Madre Feitosa, uma unanimidade -- por Carlos Rafael Dias (*)


     Uma frase, atribuída ao dramaturgo Nelson Rodrigues, é recorrentemente usada para expressar a necessidade do contraditório nas relações sociais:  toda unanimidade é burra!

     Tido como um dos maiores nomes da crônica brasileira, incluindo aquela inspirada no mais profundo cotidiano urbano, Nelson Rodrigues é muito pouco contestado quando se trata dessas contundentes tiradas. Mas, no objetivo que me leva hoje a escrever, tenho que discordar do genial escritor. Às vezes, a unanimidade é um pertinente qualitativo para se referir a pessoas extraordinariamente belas e boas. É o caso de madre Feitosa, uma unanimidade pela sua irretorquível passagem terrena, espelhada na mais pura e legítima filosofia de vida cristã.

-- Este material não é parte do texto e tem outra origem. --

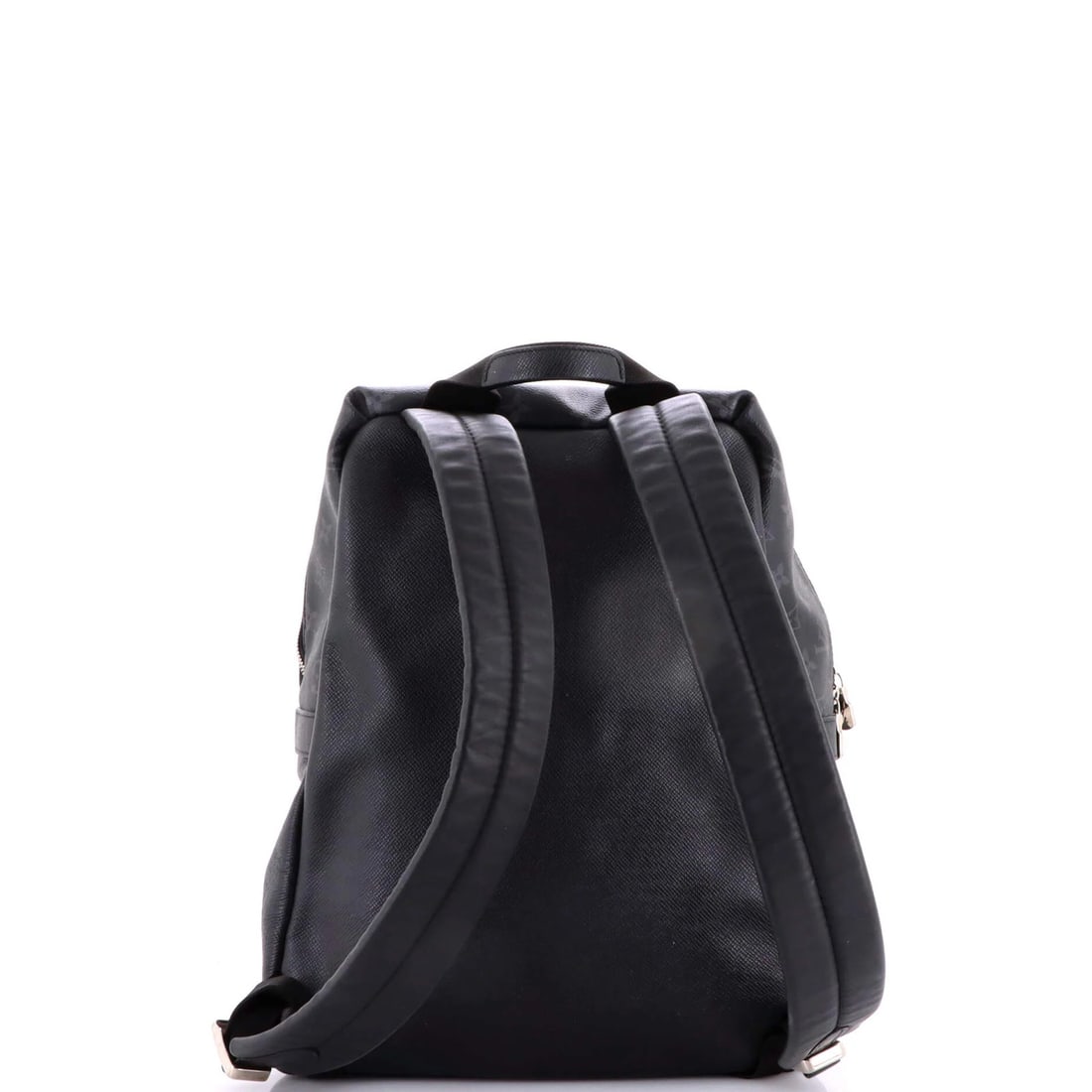 Backpack Discovery Louis Vuitton Monogram Taigarama - 3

      Tive o privilégio de conviver com a madre e por ela ser ajudado. Recém-casado, recém-formado e desempregado, bati-lhe à porta para entregar um minguado curriculum vitae. Almejava ser professor do colégio por ela fundado e dirigido. Na sua sabedoria e generosidade, madre Feitosa talvez tenha percebido que eu não estava ainda devidamente preparado para assumir o magistério. O contrário talvez tivesse encerrado minha carreira de professor precocemente. Ela não me contratou para o que eu pretendia, mas, lembro bem, o que ela me disse naquela ocasião, com sua voz serena e angelical: “você vai ficar na biblioteca por enquanto, preparando-se para na hora certa ser um bom professor”. O trabalho de bibliotecário era a mais leve das funções do colégio. Passei lá o restante do ano, estudando e preparando-me para o magistério, o qual se tornou realidade logo depois, quando me tornei professor universitário.

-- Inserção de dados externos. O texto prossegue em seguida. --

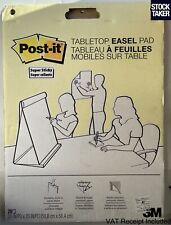 Post 563r tabletop for sale  NORTHAMPTON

     Outra dádiva que dela recebi ocorreu em um dos momentos mais cruciantes da minha vida, quando enviuvei. E vieram na forma de palavras sábias que serviram de bálsamo para a dor e ânimo para reconstruir a vida.

      Tenho diversas outros motivos para devotar-lhe reconhecimento, admiração e gratidão, a exemplo do dia em que, depois de ouvir pacientemente minhas reclamações a respeito dos dissabores de um cargo de confiança que exercia, ouvi dela as palavras que faltavam para que eu tomasse a crucial decisão de não mais assumir tais funções: “tem cargos que são verdadeiras cargas”.

     Hoje madre Feitosa transcendeu, depois de uma longa, profícua e bondosa existência, deixando a humanidade órfã de suas caridades, do seu amor e da sua dedicação incondicional ao próximo. Entretanto, o sentimento que se percebe nos depoimentos e tributos que se multiplicam nos meios de comunicação, não é de tristeza, mas de júbilo, pela certeza de seu súbito regresso ao Supremo.

      Que ela deixará uma lacuna difícil de preencher, não resta dúvida. Mas, essa existência material é transitória e o seu maior desafio é cumprir a missão tão simples e ao mesmo tempo tão complexa de fazer o bem, amando o próximo e contribuindo para tornar o fardo terreno mais leve.

      Madre Feitosa, sempre terna e agora eterna, dobrou esta meta.

(*) Carlos Rafael Dias, professor do Curso de História da URCA e sócio do Instituto Cultural do Cariri

Um comentário:

  1. Todas as homenagens póstumas que se façam representam muito pouco para a importância do legado de Madre Feitosa - Parabéns Carlos Rafael pelo seu sentimento de gratidão.